E forse gli avrebbe chiesto anche consiglio su come comportarsi davanti all’ostracismo presidenziale – e vice presidenziale perché anche la consorte Murillo è della stessa opinione del marito – che lo equipara a un “bravucón”, un buttafuori più o meno, e ad un “golpista”. O perché no, alla santa d’Avila avrebbe anche potuto chiedere conferma e conforto per una scelta di campo che considera di aver fatto a ragion veduta. “Ho sempre creduto che questa società [quella nicaraguense] si sarebbe svegliata perché c’erano problemi strutturali, sociali, politici ed economici. I giovani hanno svegliato l’intera società perché si sono resi conto che il Nicaragua può essere diverso e potrebbe essere migliore”, ha ribadito nell’intervista esclusiva alla rivista Somos Niu. Per monsignor Báez, quella vissuta dal suo paese è “un’opportunità per mostrare il vero volto della Chiesa che molti non conoscevano e che i religiosi non avevano avuto la possibilità di far vedere”. Ma questo volto della chiesa ha infastidito il regime di Ortega, che ha accusato i vescovi di promuovere un colpo di stato. “In una società in cui prevale l’autoritarismo, l’ambizione di denaro e potere, menzogne, violenza, è logico che un’istanza che è opposta a questi anti valori sia scomoda”, afferma Báez.

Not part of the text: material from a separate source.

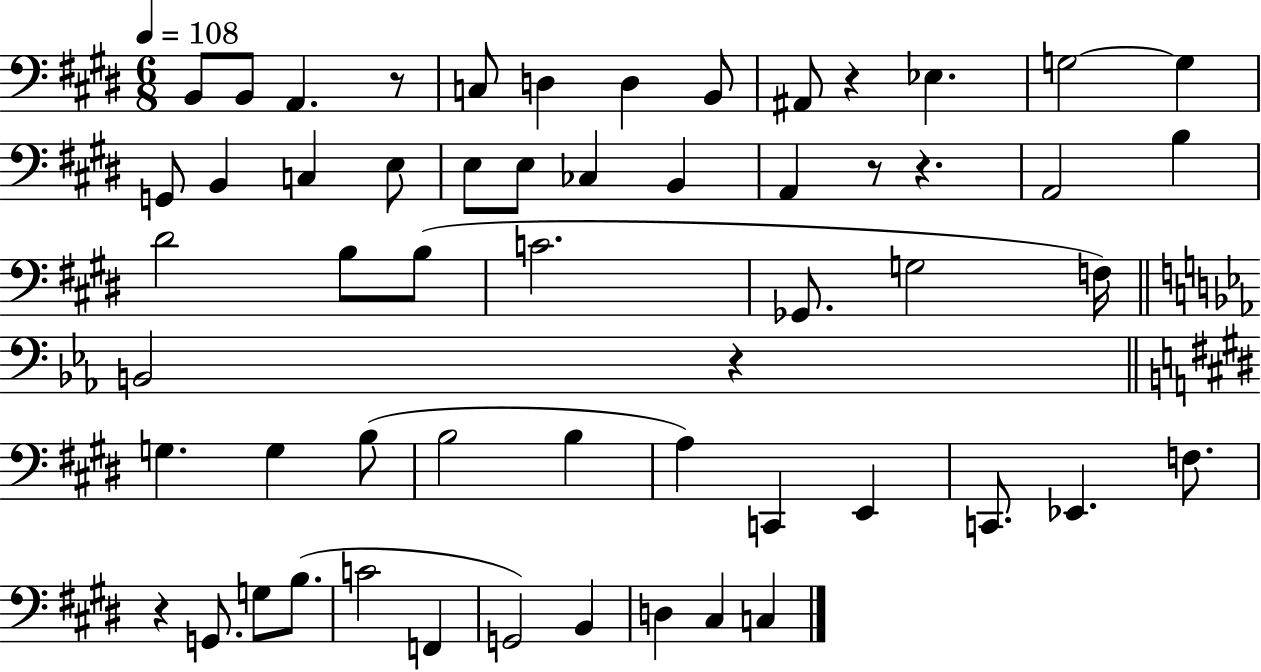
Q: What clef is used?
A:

Il vescovo rilancia accusando il governo Ortega-Murillo di aver manipolato la dimensione esplicitamente religiosa della Chiesa, il suo linguaggio, le immagini, le feste patronali, ma “la chiesa non è solo questo, è anche solidarietà, servizio, vicinanza a coloro che soffrono, alle vittime” spiega. Non si sorprende più di tanto per quello che sta succedendo e le accuse di cui è oggetto. “Quando il potere si snatura e non è più un potere al servizio della maggioranza, ovviamente questo volto della chiesa risulta scomodo e quindi siamo oggetto di scherno, minaccia, attacco, calunnia e persecuzione”.
Una fotografia drammatica, divenuta famosa sulle reti sociali, lo mostra fianco a fianco con il cardinale del Nicaragua Leopoldo Brenes mentre passano a testa alta tra due ali di sandinisti inferociti che gli gridano insulti in faccia. In quel momento il vescovo Baez dice di essersi chiesto “come fosse possibile che ci fosse gente così piena d’odio, capace di tanta violenza e irrazionalità”. Era andato a Diriamba, un municipio ad una quarantina di chilometri da Managua, circondato dai paramilitari di Ortega, per liberare un gruppo di paramedici e missionari francescani rifugiati nel tempio cattolico. “Mi addolora vedere il popolo nicaraguense in un atteggiamento così aggressivo, noi nicaraguensi non siamo così, la nostra è gente felice, laboriosa, pacifica, onesta e ho vissuto questa situazione con molto dolore”, racconta. Anche perché non pensava proprio che in compagnia del cardinale Leopoldo Brenes e del nunzio apostolico, Stanislaw Waldemar, avrebbe ricevuto un’aggressione fisica e verbale così smaccata.